Yes,TTG, it's a weapon but, as stated, the law permits such a weapon to be with them in a public place,as Sikhs, 'for religious reasons' (and by Scotsmen in national costume), given the appropriate proof. The law also allows Sikhs on motorcycles not to wear helmets. If a Sikh wants to endanger himself, the argument must have run, then let him suffer the consequences.

I don't follow why anyone should be allowed to have a knife in a public place simply because their national dress includes a knife or a religion has sanctioned it. The defence is 'without prejudice to' the general one of 'good reason or lawful authority' (which is very difficult to establish). If someone is permitted to have a knife in a public place there must be both the temptation and the opportunity to use it unlawfully should the occasion arise (which is one reason why we have the law in the first place). The other specific defence, that the knife is for use at work, does make sense.It would be stupid to stop a carpenter or decorator having a knife for use at work when that, of necessity, means they have to have it in a public place on the way there !

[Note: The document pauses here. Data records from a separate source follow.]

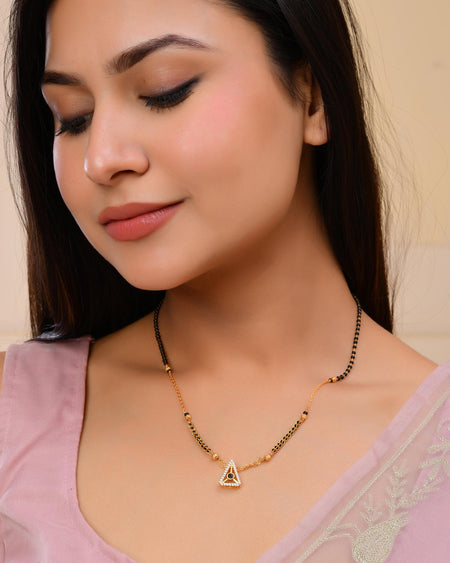 VOJ Gold-Polished Ad Studded Geometrical Shaped Mangalsutra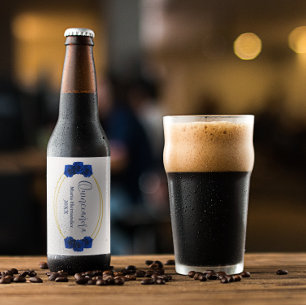 青と王室の金ゴールド幾何学模様キンセニェラ ビールラベル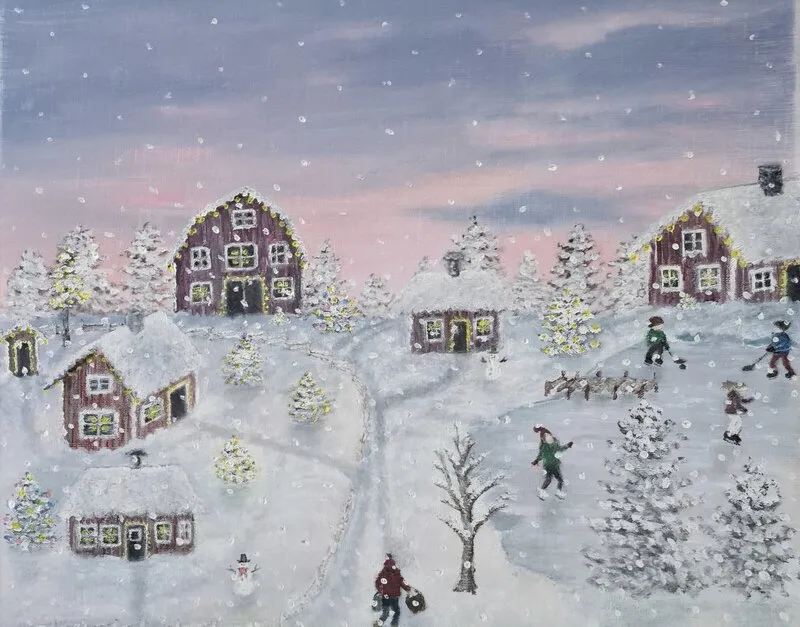 Oljemålning Vinter ute på landet av Susanne Nesbeth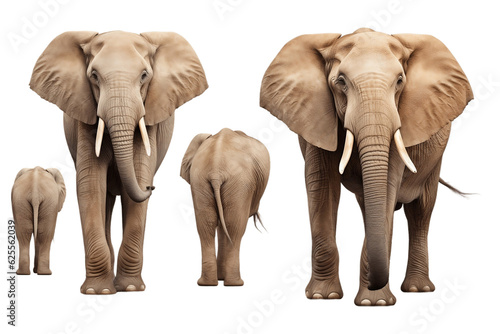 African Elephant in Various Poses Isolated on a Transparent Background. Generative AI © zainab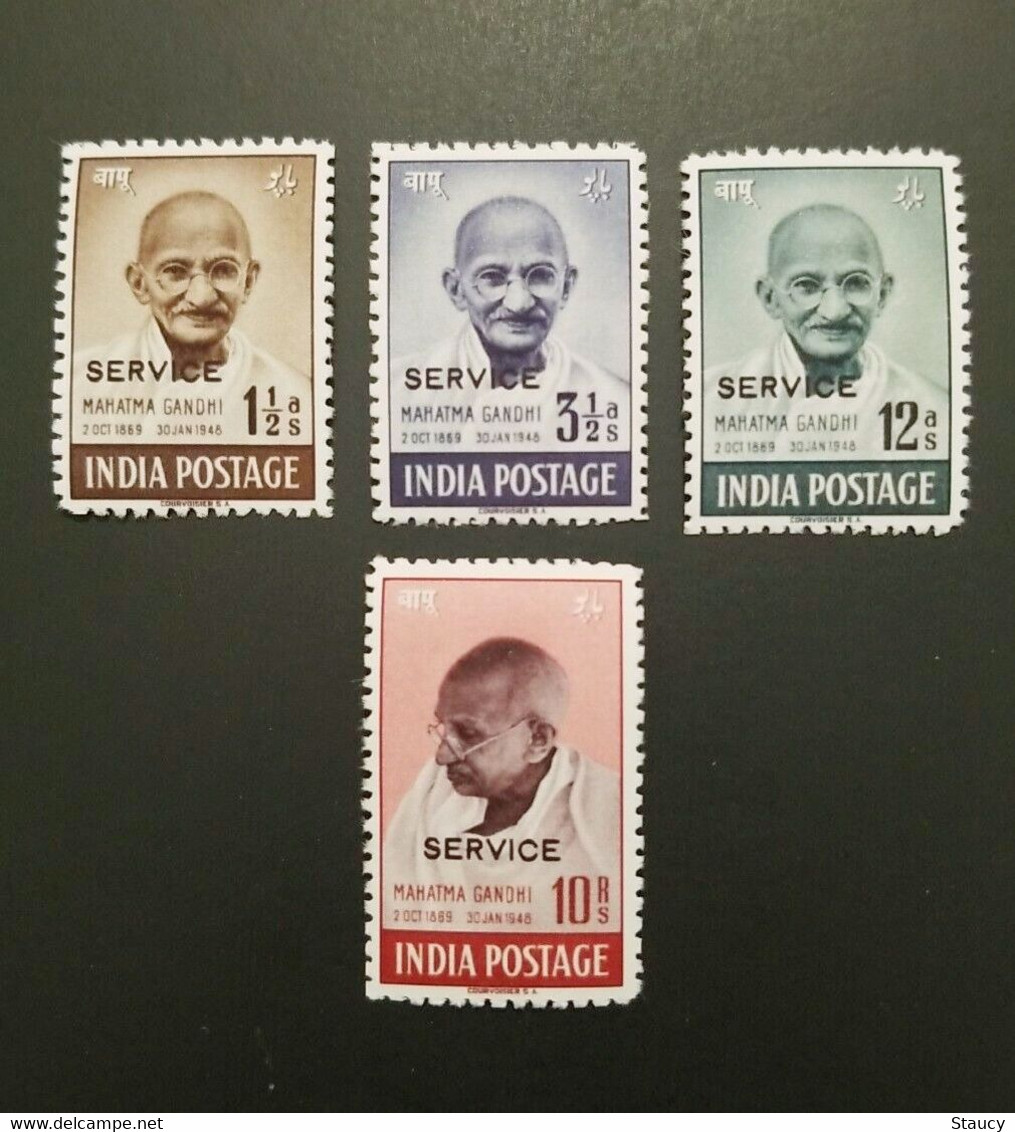 India 1948 Mahatma Gandhi Mourning Replica 4v SET "Service" Overprint (SGO150a - SGO150d) With MARGINS MINT As Per Scan - Neufs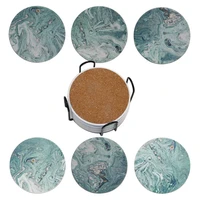 6pcs hot sale absorbent ceramic coaster marble pattern mats coffee cup mat easy clean placemats round tea pad table pad holder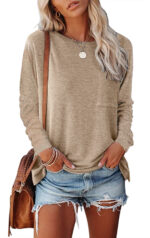 Pocket Split Long-sleeved Casual Bottoming T-shirt - Image 6
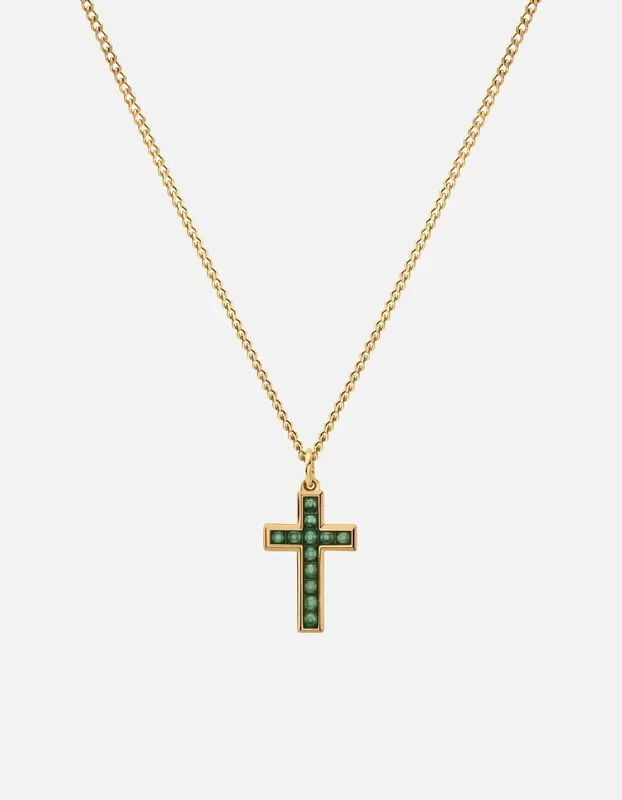 Cross Agate Necklace, Gold Vermeil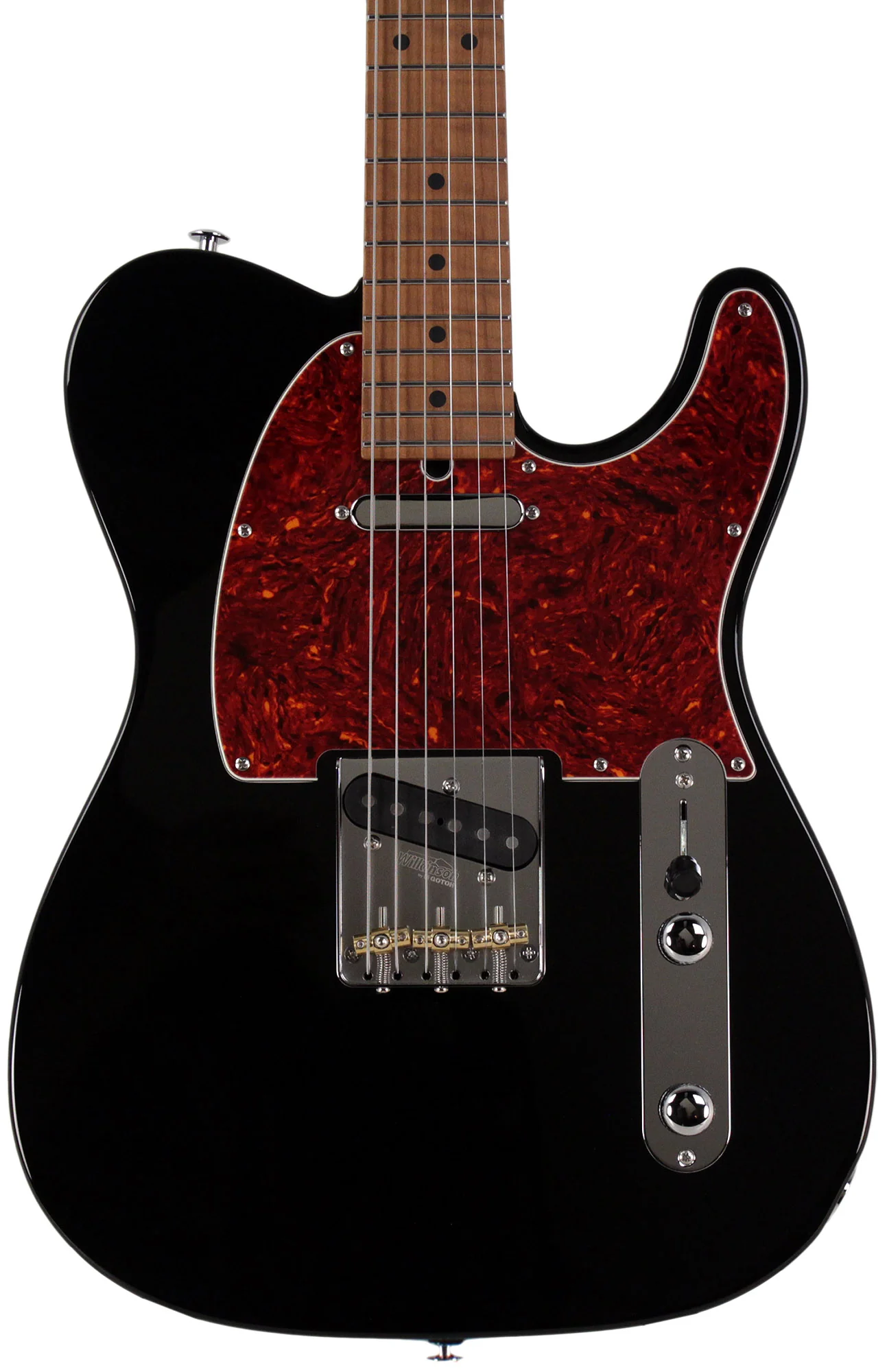 Suhr Select Classic T Guitar, Roasted Flamed Neck, Black - Image 6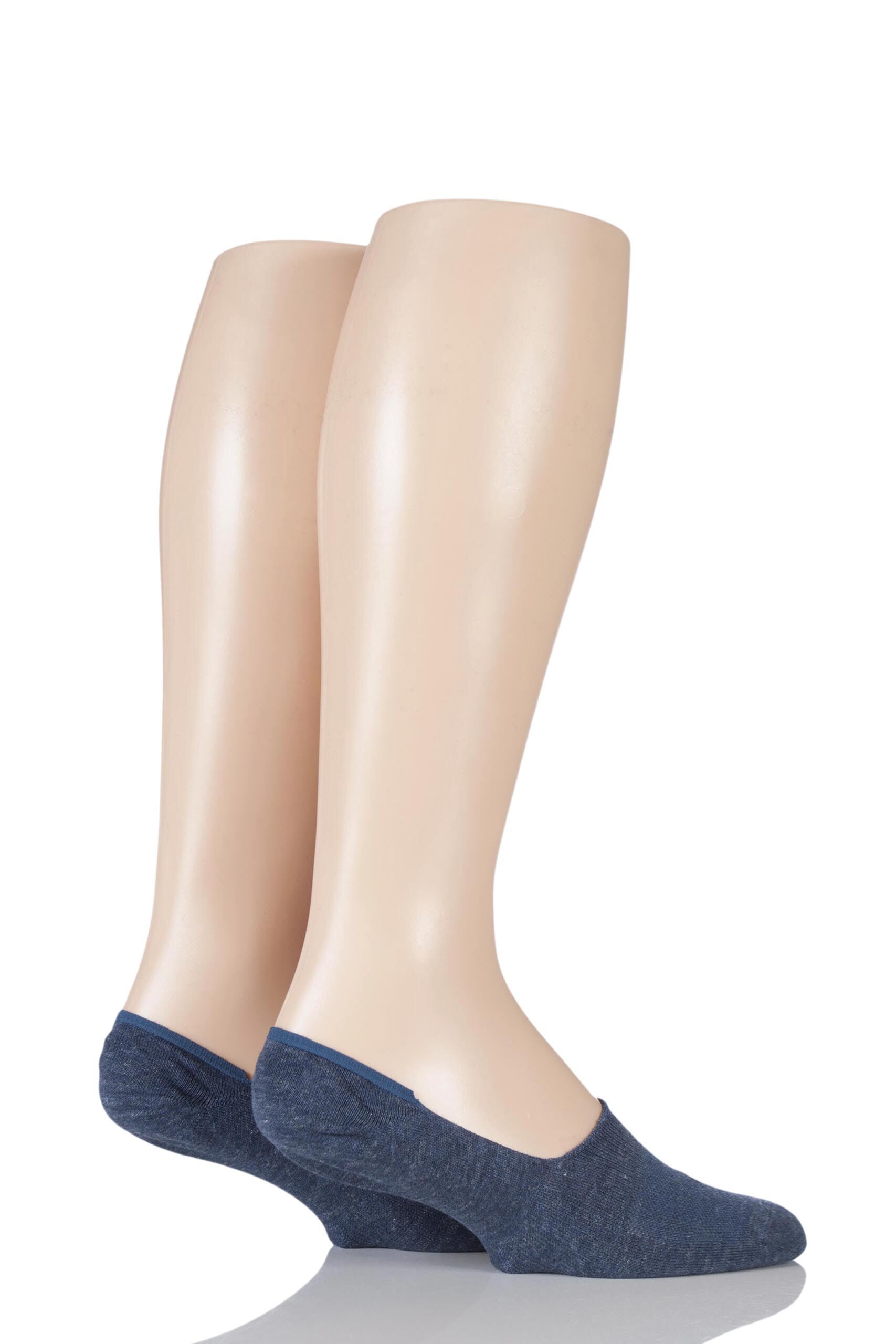 Image of 2 Pair Denim Blue Footies Trainer Socks with Silicone Heel Grip Unisex 6-8 Unisex - Puma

This is a stunt. The boy can revert to being a ';man' once he's not in school. If he tried to enter many a building or board an aircraft with it he'd be stopped. What then would his father's argument be ?
Complete stunt.

Nothing to do with being a Sikh, and A LOT to do with being a git. Idiocy knows no national boundaries. By the way, this isn't a growing trend...there are hundreds of thousands of Sikhs in the UK who don't make the papers because they're simply getting on with their lives. Two stories doen't change that.

I mean, it's not like all female nursery teachers are paedophiles, is it?
What next, a religious freak is refused being able to wear a nuclear bomb strapped to his back and is then awarded thousands for hurt feelings.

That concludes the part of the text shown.